Al final lo matan, y él sin resistirse a las vejaciones y la muerte espantosa que le dan. Resucita, sí, pero no para vengarse sino para guiar a sus seguidores a ser como había sido él: mansos, humildes, capaces de amar y perdonar, de bendecir y apoyar, de sanar y consolar.

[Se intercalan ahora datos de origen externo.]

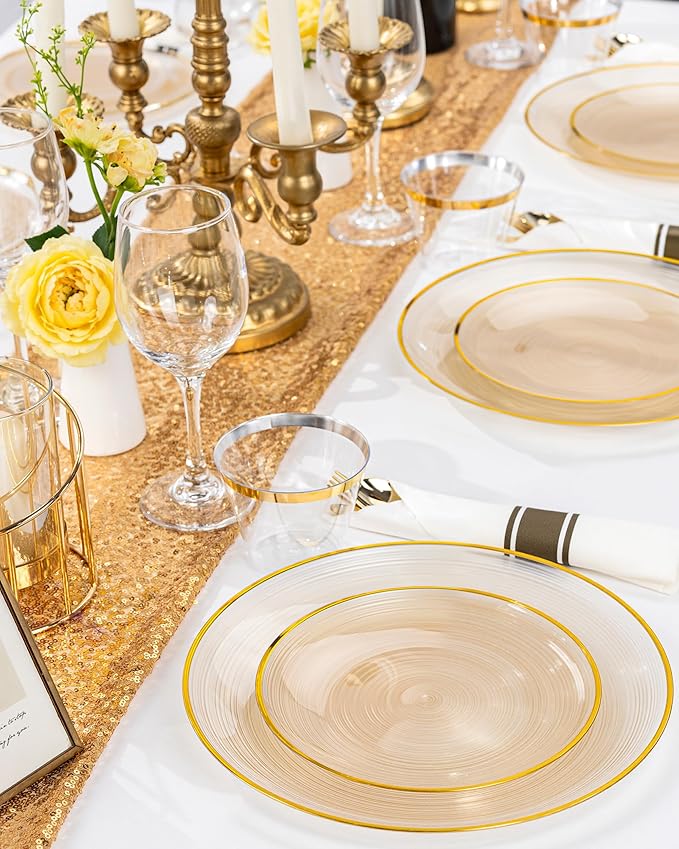 Morejoy 100Pcs Brown Plastic Plates, Clear Coffe Disposable Plates With Gold Rim,Heavy-Duty Brown Plates, Gold Dinnerware Set Include 50 Dessert-plates,50 Dinner-plates for Party & Christmas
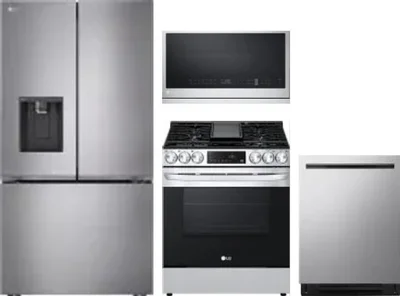 4 Piece Package Includes Refrigerator, Range, Microwave And Dishwasher
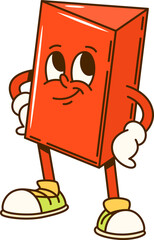 Groovy triangular prism math geometric figure character. Isolated cartoon vector playful, red volumetric triangle personage standing in confident pose and showing funky vibe and mischievous expression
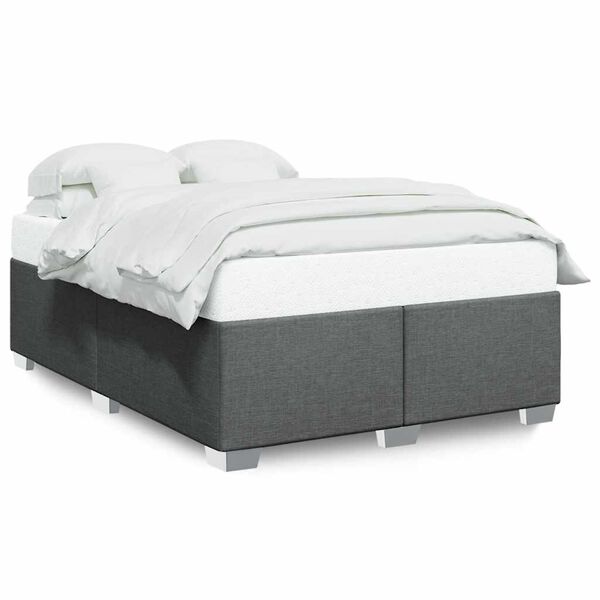 vidaXL Bed Frame without Mattress Dark Grey&nbsp;Double Fabric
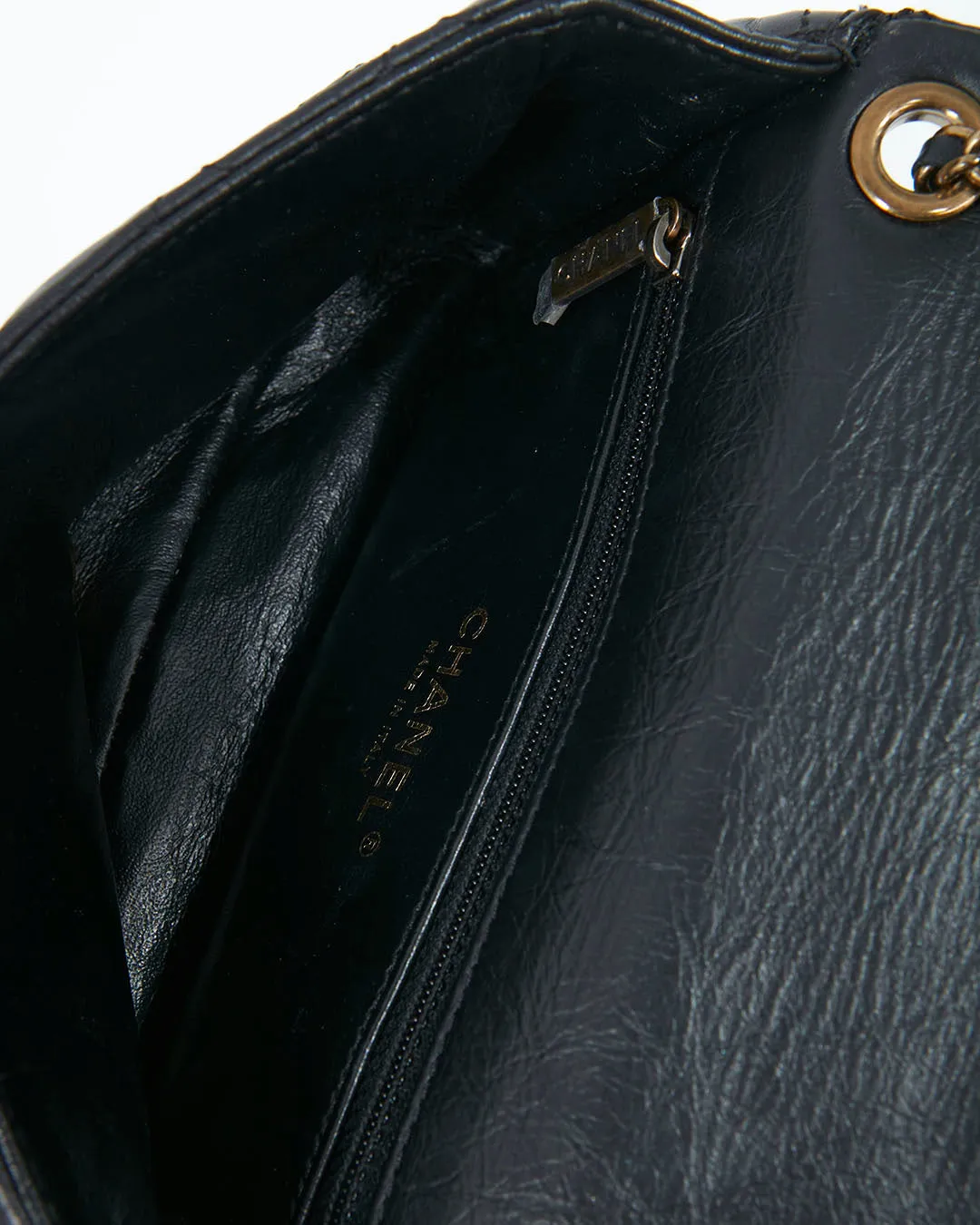 Chanel Black Aged Calfskin Coin Medallion Mini Flap Bag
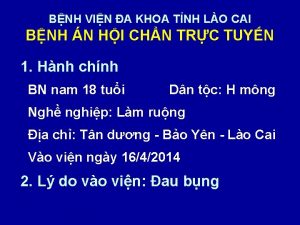 BNH VIN A KHOA TNH LO CAI BNH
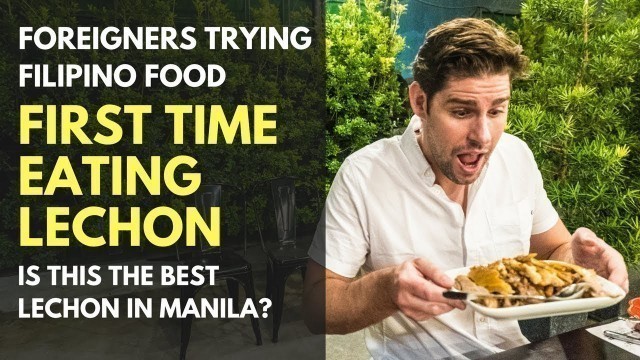 'TRYING LECHON FOR THE FIRST TIME - UNEXPECTED REACTION - FOREIGNERS TRYING FILIPINO FOOD'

Bien es cierto que es muy habitual negar la fuerza del evangelio retorciendo el mensaje del Apocalipsis de Juan para imaginar que ahí sí, por fin, Jesús actúa como los dioses paganos y como un superhéroe de cine o televisión. No es ese el mensaje del Apocalipsis, sin embargo. La victoria final del bien sobre el mal en el Apocalipsis es siempre la que ya consiguió Jesús cuando se dejó matar en la cruz. No hay nunca un acto violento posterior cuya fuerza salvadora sea superior a esta: la fuerza salvadora de entregar su vida por nosotros, que éramos sus enemigos, sin jamás matar a nadie él.

Sí, la humanidad tenemos escrita en nuestro ADN la necesidad de un Salvador superior a nosotros, que intervenga para rescatarnos. Ese fue el despreciado y ninguneado rabino de Galilea, que nos enseñó una nueva manera de vivir, servir, y amar.